The country's largest construction company Fletcher Building's been knocked off its top spot on the New Zealand Stock Exchange as its share price continues to plummet.
More than $800 million has been wiped off its value since Wednesday when the firm issued a shock profit warning.
It fell 98 cents to $6.92 on Wednesday, and when the sharemarket had closed on Thursday shares dropped a further 25 cents to $6.67.
Fletcher Building is now the country's second largest listed firm behind Telecom.
Further delays to the Christchurch rebuild and a lacklustre Australasian housing market forced the firm to cut its 2012 half year profit forecast by 10% to about $149 million.

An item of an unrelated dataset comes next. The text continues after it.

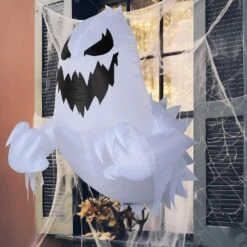 Joiedomi 4.5ft Halloween Inflatable LED Light Ghost Broke Out From Window 13 Joiedomi 4.5ft Halloween Inflatable LED Light Ghost Broke Out From Window -Joiedomi Joiedomi4.5ftHalloweenInflatableLEDLightGhostBrokeOutfromWindow 4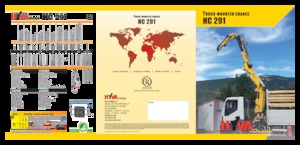 Macarale hidraulice de încărcare Hyva Crane HC 291X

At least one analyst has cut his full year 2012 profit forecast by 15% to $385 million in response, but maintains a buy recommendation on the share.
Forsyth Barr's Rob Mercer says the market's putting too much emphasis on near term earnings and the share price is good value under $8.00.
But Morningstar Research senior equities analyst Nachi Moghe says the company's shares are unlikely to rebound quickly until there's clear evidence the housing market is picking up.
Maquarie investment advisor Brad Gordon says the current share price is fair, based on the downgrade.
He says investors have some reasonably genuine concerns that Fletcher Building may have known about the downgrade earlier than when they first came out with it.
Mr Gordon says looking forward two to three years Fletcher Building is good buying at these levels.